The Holy Spirit is the answer to all our prayers. He is poured on us in Baptism, put into our ears by the Words of Jesus, and into our bodies with the Body and Blood of Jesus. If Jesus could give the Spirit by merely breathing on the apostles, how much more Spirit must be in His Body and Blood? If Scripture says Jesus received the Spirit without measure, then every drop of His Blood and every morsel of His Body must be full of Him. How Spirit-filled must we be when He gives us His Body for Bread and His Blood for Wine?

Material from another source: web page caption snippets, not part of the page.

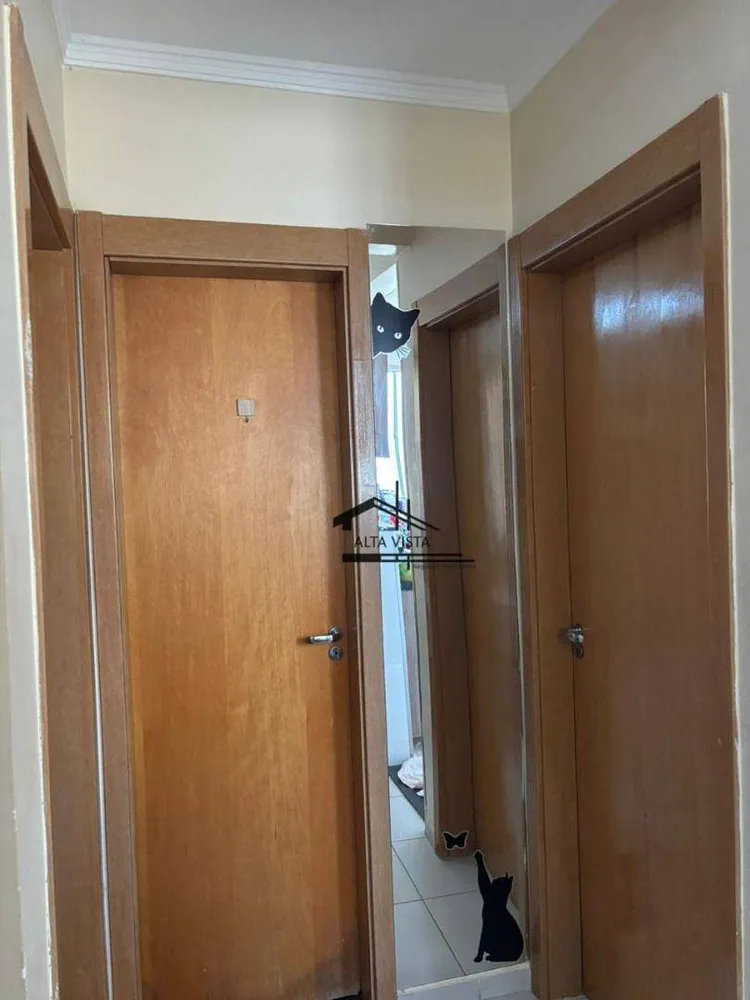 Apartamento, 2 quartos, 44 m² - Foto 9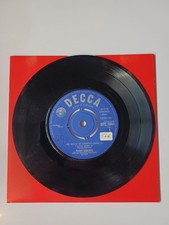 Paddy Roberts - The Belle Of Barking Creek EP  7" Ex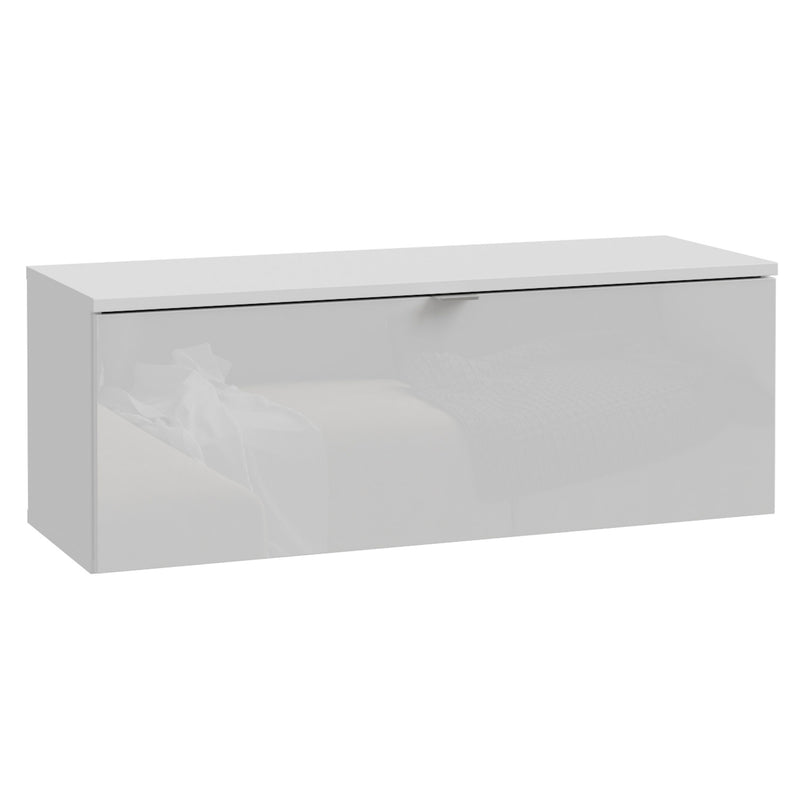 EIKO Comodă TV suspendată, 1 ușă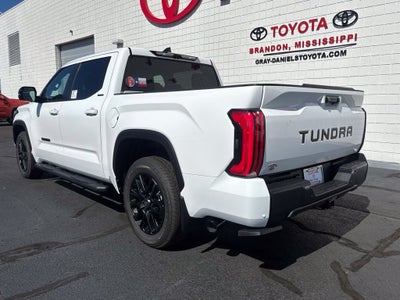 2026 Toyota Tundra Limited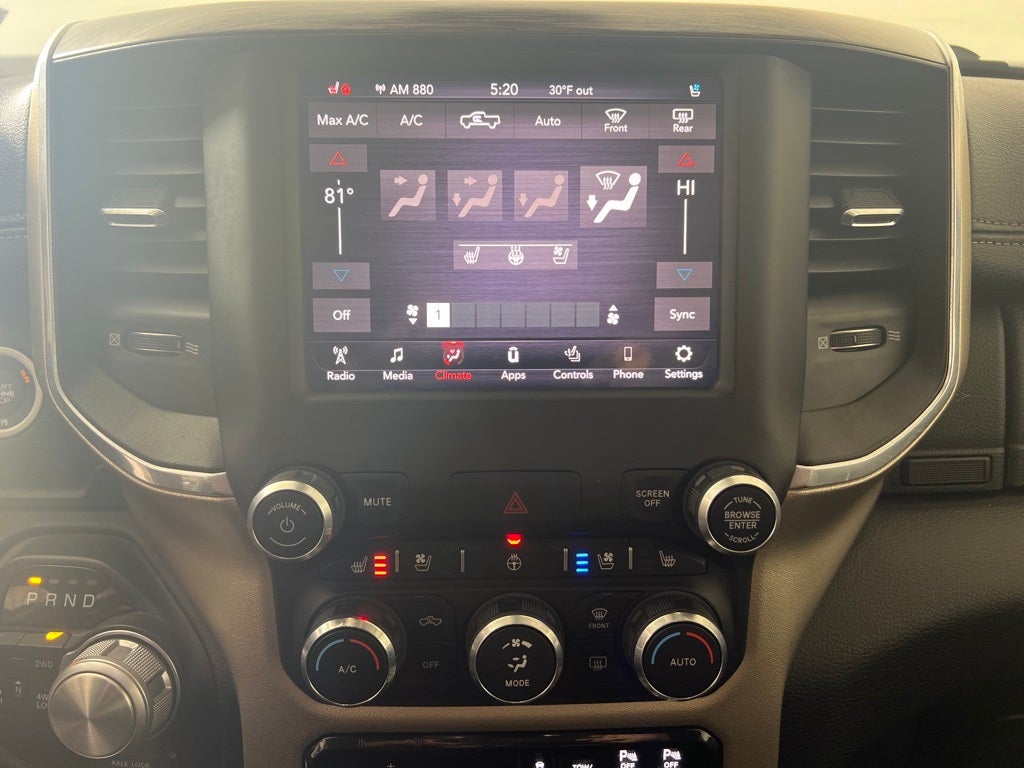 2019 RAM 1500 Laramie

But we're not done with the Spirit yet. We sing His praises in the Nunc Dimittis. Then Holy Spirit along with the Father and Son bless and keep us; makes His face to shine on us; lifts up His countenance upon us and gives us peace. And those Sundays when we pray the second Communion Collect, we especially ask God the Father not to forsake us but "evermore rule our hearts and minds by Thy Holy Spirit."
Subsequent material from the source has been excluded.